Funny, I remember always liking DNS reflection attack, but this was just a sign of my not thinking straight. If that had been the case, they would have shut down inbound DNS rather than outbound.
After talking with them, they saw that something on our network had been initiating a denial of service attack on DNS servers using hundreds of spoofed source IPs. Looking at graphite for that time, I suspect you’ll agree when I say, “yep”:
Initially, the malware was spoofing IPs from all kinds of IP ranges, not just things in our block. As it turns out, I didn’t have the sanity check on my egress ACLs on my gateway that said, “nothing leaves that isn’t in our IP block”, which is my bad. As soon as I added that, a lot of the traffic died. Unfortunately, because the university uses private IP space in the 10.x.x.x range, I couldn’t block that outbound. And, of course, the malware quickly caught up to speed and started exclusively using 10.x addresses to spoof from. So we got shut down again.
Over the course of a day, here’s what the graph looked like:
Now, on the other side of the coin, I’m sure you’re screaming “SHUT DOWN THE STUPID MACHINE DOING THIS”, because I was too. The problem was that I couldn’t find it. Mostly because of my own ineptitude, as we’ll see.
Alright, it’s clear from the graph above that there were some significant bits being thrown around. That should be easy to track. So, lets fire up graphite and figure out what’s up.
Most of my really useful graphs are thanks to the ironically named Unhelpful Graphite Tip #6, where Jason Dixon describes the “mostDeviant” function, which is pure awesome. The idea is that, if you have a BUNCH of metrics, you probably can’t see much useful information because there are so many lines. So instead, you probably want the few weirdest metrics out of that collection, and that’s what you get. Here’s how it works.
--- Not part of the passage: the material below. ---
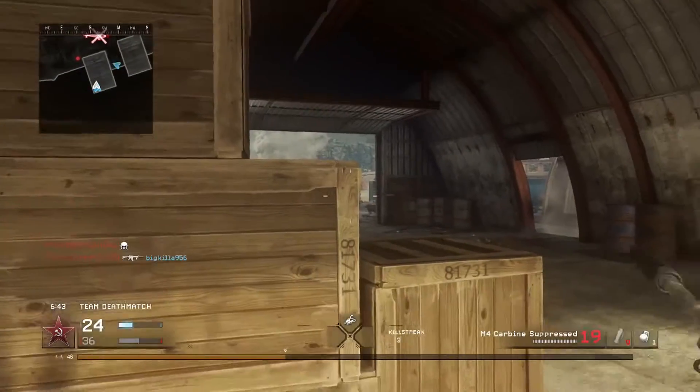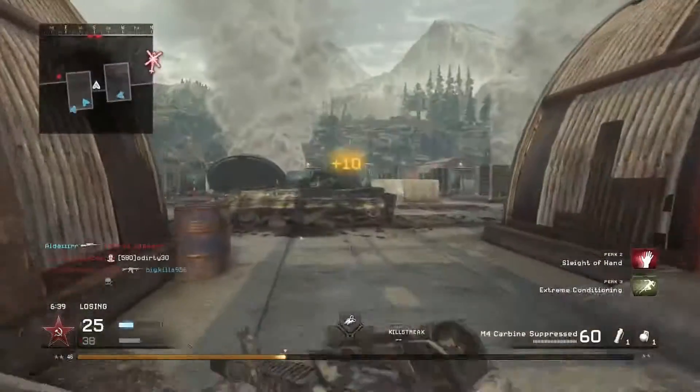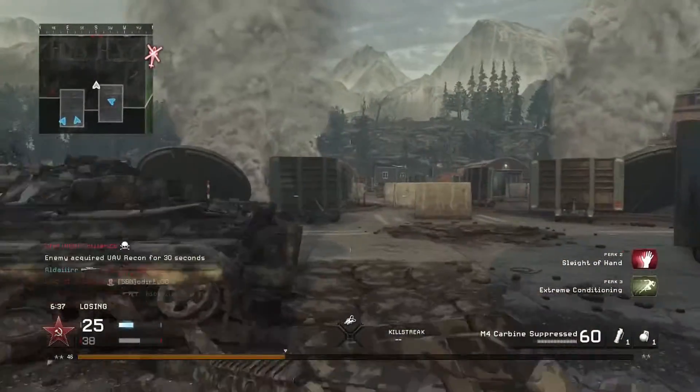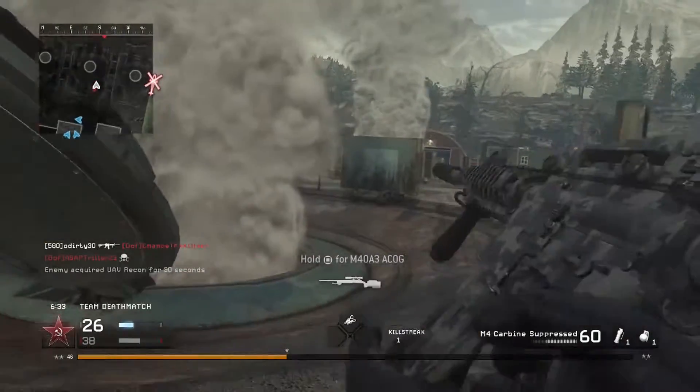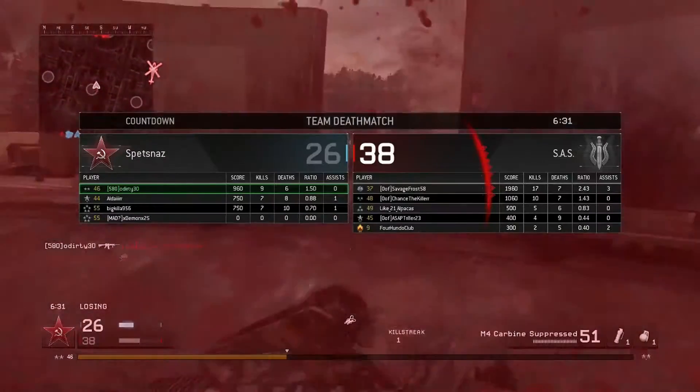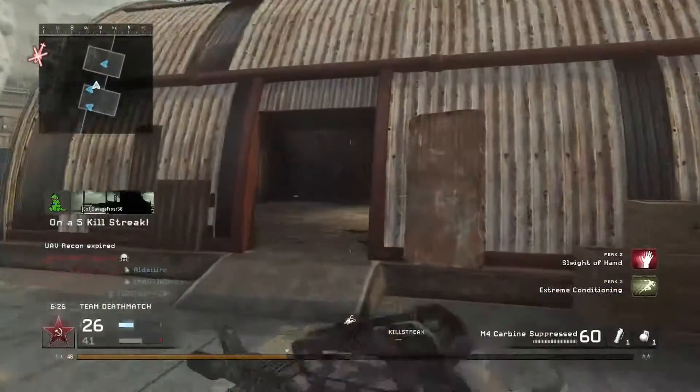Oh my god, I can't see to save my life. Aw, he got me with the sniper. Let's see — oh he's right there. Gotcha! Doing pretty good, carrying the team, but no, we're losing. It's one of those games guys.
In the graphite box, set the time frame that you’re looking for:
Then add the graph data that you’re looking for. Wildcards are super-useful here. Since the uplink graph above is a lot of traffic going out of the switch (tx), I’m going to be looking for a lot of data coming into the switch (rx). The metric that I’ll use is:
That metric, by itself, looks like this:
There’s CLEARLY a lot going on there. So we’ll apply the mostDeviant filter:
and we’ll select the top 4 metrics. At this point, the metric line looks like this:
and the graph is much more manageable:
Plus, most usefully, now I have port numbers to investigate. Back to the hunt!
As it turns out, those two ports are running to…another switch. An old switch that isn’t being used by more than a couple dozen hosts. It’s destined for the scrap heap, and because of that, when I was setting up collectd to monitor the switches using the snmp plugin, I neglected to add this switch. You know, because I’m an idiot.
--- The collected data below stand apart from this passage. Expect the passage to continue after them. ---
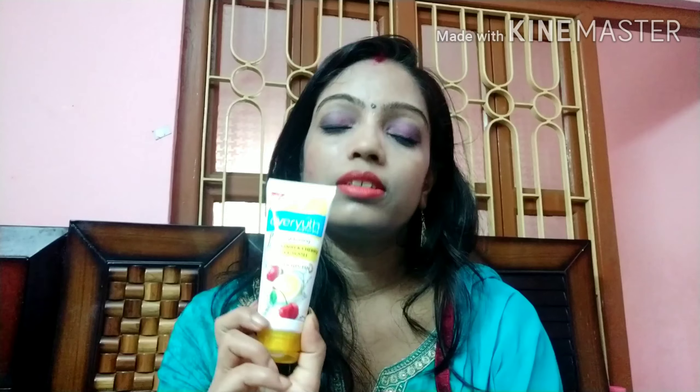Ever Youth brand — everyone knows it. This brand suits everyone and it is natural. Its tagline is 'natural' and this is a brightening lemon and cherry face wash. As you all know, lemon has acid extract properties.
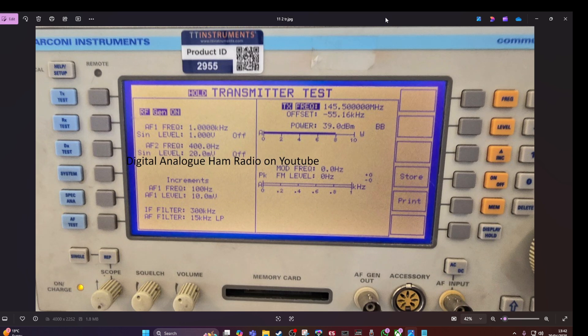And 2 metres — I was told this was the worst performer of all the bands tested.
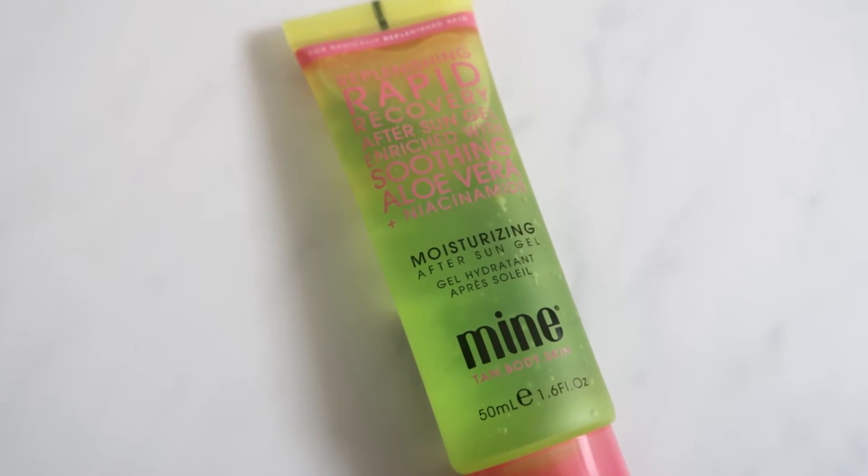The next product is a moisturizing after sun gel by the brand Mine Tan Body Skin. If the weather was a little bit better in the UK at the moment this would be a really good thing to have, so I'll put this away and hopefully use it when the sun comes out. It says on the front 'replenishing rapid recovery after sun gel enriched with soothing aloe vera and niacinamide' - safe for the face and body, which is good. This is a deluxe mini worth £13.35, and the full size, about three times bigger, is £28, so it had better be good!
So, I quickly modified the collectd config and pushed the change up to the puppet server, then refreshed the puppet agent on the host that does snmp monitoring and started collecting metrics. Except that, at the moment, the attack had stopped…so it was a waiting game that might never actually happen again. As luck would have it, the attack started again, and I was able to trace it to a port:
(notice how we actually WERE under attack when I started collecting metrics? It was just so tiny compared to the full on attack that we thought it might have been normal baseline behavior. Oops)
So, checking that port led to…a VM host. And again, I encountered a road block.
I’ve been having an issue with some of my VMware ESXi boxes where they will encounter occasional extreme disk latency and fall out of the cluster. There are a couple of knowledgebase articles ( ) that sort-of kind-of match the issue, but not entirely. In any event, I haven’t ironed it out. The VMs are fine during the disconnected phase, and the fix is to restart the management agents through the console, which I was able to do and then I could manage the host again.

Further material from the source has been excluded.